[Source data]
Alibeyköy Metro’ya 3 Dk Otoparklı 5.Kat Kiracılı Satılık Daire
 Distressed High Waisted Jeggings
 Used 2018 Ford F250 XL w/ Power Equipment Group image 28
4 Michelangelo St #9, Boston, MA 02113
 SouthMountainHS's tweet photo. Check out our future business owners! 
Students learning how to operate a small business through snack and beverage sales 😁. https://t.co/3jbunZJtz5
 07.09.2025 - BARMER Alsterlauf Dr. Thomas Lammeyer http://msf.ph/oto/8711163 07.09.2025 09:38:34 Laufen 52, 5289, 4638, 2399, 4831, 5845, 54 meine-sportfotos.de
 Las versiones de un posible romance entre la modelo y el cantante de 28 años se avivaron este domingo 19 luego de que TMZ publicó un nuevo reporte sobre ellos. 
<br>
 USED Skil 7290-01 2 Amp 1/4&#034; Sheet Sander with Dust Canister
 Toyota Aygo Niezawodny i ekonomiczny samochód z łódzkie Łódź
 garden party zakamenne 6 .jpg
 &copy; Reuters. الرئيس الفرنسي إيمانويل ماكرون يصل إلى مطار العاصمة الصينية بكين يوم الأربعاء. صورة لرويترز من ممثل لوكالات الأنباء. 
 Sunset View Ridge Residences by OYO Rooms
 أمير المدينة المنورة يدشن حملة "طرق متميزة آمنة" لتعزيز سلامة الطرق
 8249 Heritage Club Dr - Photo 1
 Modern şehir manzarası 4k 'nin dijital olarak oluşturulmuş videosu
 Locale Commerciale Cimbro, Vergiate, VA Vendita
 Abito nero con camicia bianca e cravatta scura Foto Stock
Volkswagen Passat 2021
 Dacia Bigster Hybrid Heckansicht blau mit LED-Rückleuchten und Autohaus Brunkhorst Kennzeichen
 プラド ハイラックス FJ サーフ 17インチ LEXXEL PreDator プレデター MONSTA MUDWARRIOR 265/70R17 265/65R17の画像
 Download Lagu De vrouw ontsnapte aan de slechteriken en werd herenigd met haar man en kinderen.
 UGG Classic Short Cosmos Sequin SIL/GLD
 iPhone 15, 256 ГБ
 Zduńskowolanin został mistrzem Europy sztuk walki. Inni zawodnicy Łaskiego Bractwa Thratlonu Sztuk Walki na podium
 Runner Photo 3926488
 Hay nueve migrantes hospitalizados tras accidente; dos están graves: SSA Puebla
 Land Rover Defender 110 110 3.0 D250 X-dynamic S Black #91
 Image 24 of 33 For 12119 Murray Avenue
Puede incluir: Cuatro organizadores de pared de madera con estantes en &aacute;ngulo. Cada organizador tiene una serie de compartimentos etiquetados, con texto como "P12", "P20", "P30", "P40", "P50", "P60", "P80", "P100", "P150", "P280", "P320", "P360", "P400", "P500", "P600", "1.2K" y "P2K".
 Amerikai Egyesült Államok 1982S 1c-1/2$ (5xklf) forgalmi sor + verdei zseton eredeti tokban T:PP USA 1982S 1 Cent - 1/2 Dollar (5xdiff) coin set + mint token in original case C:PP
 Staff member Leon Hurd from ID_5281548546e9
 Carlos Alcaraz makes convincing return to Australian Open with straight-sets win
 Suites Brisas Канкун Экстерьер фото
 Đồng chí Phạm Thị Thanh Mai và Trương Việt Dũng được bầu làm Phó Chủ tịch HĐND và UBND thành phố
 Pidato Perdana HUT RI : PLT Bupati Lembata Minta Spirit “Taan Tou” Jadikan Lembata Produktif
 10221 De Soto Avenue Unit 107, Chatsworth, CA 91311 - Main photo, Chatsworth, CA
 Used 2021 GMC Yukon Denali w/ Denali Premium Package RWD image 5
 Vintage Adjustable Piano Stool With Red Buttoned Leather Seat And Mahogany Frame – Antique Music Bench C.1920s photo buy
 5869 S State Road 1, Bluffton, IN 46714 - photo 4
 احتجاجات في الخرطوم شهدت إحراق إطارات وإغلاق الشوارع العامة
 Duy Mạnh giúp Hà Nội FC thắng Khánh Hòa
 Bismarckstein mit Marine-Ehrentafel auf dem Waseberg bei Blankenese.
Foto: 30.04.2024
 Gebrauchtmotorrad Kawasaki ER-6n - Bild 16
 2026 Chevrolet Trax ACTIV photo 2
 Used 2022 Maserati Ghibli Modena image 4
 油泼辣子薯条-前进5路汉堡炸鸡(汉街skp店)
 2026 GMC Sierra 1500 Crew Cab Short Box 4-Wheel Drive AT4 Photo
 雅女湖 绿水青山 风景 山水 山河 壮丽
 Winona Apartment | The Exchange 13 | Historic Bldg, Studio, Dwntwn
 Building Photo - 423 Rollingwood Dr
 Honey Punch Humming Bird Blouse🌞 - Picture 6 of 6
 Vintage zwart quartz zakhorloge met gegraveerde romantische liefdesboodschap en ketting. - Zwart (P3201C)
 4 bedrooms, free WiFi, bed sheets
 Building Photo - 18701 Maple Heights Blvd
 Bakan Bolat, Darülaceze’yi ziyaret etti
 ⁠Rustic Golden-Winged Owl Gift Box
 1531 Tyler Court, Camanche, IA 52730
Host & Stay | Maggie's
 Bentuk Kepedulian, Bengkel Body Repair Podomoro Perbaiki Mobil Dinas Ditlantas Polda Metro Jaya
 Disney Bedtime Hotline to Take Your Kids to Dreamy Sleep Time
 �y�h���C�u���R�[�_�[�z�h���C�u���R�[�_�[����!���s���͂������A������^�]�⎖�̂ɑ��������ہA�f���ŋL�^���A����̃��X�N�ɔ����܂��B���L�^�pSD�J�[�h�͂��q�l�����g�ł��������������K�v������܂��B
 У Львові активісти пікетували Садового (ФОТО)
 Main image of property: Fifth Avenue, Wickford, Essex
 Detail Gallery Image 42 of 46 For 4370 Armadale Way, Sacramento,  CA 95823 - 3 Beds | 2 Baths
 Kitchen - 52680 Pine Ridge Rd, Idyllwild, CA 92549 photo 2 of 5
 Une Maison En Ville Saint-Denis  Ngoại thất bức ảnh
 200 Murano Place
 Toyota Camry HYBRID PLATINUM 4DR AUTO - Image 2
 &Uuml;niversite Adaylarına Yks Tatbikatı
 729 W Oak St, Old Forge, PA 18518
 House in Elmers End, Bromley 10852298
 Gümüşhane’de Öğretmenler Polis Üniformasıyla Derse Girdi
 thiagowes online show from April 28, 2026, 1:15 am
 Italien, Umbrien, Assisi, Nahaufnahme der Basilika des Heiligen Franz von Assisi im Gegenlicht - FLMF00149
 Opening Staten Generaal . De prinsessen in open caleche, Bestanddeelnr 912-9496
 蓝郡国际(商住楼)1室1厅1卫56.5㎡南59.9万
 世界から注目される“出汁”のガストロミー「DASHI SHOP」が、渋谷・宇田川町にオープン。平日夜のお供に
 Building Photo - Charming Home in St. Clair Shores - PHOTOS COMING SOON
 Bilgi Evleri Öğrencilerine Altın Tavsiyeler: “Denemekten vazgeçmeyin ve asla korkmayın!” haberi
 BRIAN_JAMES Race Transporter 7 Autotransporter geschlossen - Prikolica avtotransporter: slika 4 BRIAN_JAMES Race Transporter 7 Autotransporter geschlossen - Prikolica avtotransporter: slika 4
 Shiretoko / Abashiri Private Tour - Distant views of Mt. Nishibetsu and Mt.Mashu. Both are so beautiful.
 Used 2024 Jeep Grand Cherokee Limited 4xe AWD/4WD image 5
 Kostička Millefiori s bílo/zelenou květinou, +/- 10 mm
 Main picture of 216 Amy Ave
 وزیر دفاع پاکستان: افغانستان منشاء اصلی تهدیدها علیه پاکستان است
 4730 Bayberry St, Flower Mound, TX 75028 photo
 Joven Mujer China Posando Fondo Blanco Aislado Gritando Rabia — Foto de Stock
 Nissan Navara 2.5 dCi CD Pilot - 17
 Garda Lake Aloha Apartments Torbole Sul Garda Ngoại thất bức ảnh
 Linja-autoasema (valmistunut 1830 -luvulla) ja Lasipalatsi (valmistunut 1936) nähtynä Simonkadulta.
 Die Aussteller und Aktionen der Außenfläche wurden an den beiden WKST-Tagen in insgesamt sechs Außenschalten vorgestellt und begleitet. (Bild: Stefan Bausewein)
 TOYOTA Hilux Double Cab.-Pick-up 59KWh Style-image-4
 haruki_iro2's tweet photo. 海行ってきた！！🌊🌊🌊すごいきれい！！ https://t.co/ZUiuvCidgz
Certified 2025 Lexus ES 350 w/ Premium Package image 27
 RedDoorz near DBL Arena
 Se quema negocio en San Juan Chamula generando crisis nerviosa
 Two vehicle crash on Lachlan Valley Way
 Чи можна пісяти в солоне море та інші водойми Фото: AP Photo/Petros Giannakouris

[Exercise prompt] Extract from the records above the lines from the one containing "Kostička Millefiori s" to the one containing "Linja-autoasema (valmistunut 1830", both lines included, exactly as they appear and with nothing else.

[Solution below]
 Kostička Millefiori s bílo/zelenou květinou, +/- 10 mm
 Main picture of 216 Amy Ave
 وزیر دفاع پاکستان: افغانستان منشاء اصلی تهدیدها علیه پاکستان است
 4730 Bayberry St, Flower Mound, TX 75028 photo
 Joven Mujer China Posando Fondo Blanco Aislado Gritando Rabia — Foto de Stock
 Nissan Navara 2.5 dCi CD Pilot - 17
 Garda Lake Aloha Apartments Torbole Sul Garda Ngoại thất bức ảnh
 Linja-autoasema (valmistunut 1830 -luvulla) ja Lasipalatsi (valmistunut 1936) nähtynä Simonkadulta.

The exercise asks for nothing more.